I'm going to be happy to get another 1000 before the year ends. Seagull century next weekend will help. It'll be my 25-th time in a row.


----------



## TDFbound (Jul 11, 2017)

4000 miles, congrats! You're almost twice as deep into it as I am this year.


----------



## pmf (Feb 23, 2004)

Mcfarton said:


> You both have me beat. I am at 2870 for the year. I also live in the dc area, and it has been a great year. I think that I am doing pretty good on the mileage as I have a toddler and an infant. Many of my miles come from the Burley trailer.
> 
> Sent from my SM-G920P using Tapatalk


I think a mile pulling a Burley with a kid in it equals at least 2, maybe 3 miles without. I bought a double wide one when my kids were little and used it exactly once. It felt like pulling a lead parachute. The kids didn't like it much either. After that fateful trip, it spent two years in my tool shed. I put it up for sale on Craigs List and sold it the next day. Funny, I always pictured myself pulling one of these things when I had kids. Luckily, there's a huge after market for those things.


----------



## JSR (Feb 27, 2006)

I hit 5,000 on Saturday. My shoulder is hurting from patting myself on the back. Plus I'm kind of burned out...


----------



## Oxtox (Aug 16, 2006)

pmf said:


> It's a lot harder than it sounds. Only 33 miles a day. That's not all that much. BUT ... it's every day. Miss a day because it rains --- now you need a 66 mile day to make it up.
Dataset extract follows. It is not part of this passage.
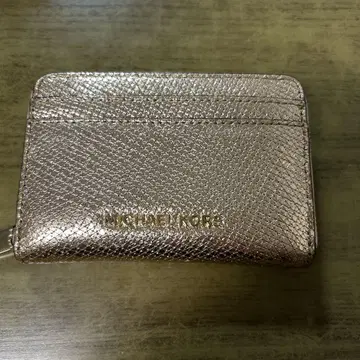 MICHAEL KORS 로즈 골드 코인 케이스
yep...doesn't give you many opportunities for days off...either due to bad weather, being tired, or other commitments...

came close the previous month at 945 miles, but managed to do it in Sept...don't think Oct will be a 'kilo-month'...


----------



## RB Rob (Jan 13, 2012)

Congrats! 2,770 miles as of today, goal is 4,000 for the year which will be tough to hit at this point. I will see how close I can get. :mad2:


----------



## n2deep (Mar 23, 2014)

WOW,,, CONGRATS!!!!!!!! That's a great achievement.. I'll be lucky to get over 2500 this year,, work sucks!!!


----------



## pmf (Feb 23, 2004)

My wife just hit 4000 today ... or she will today on the way home.


----------



## mtrac (Sep 23, 2013)

Hit 4000 today. A marching band waiting for me would have been nice.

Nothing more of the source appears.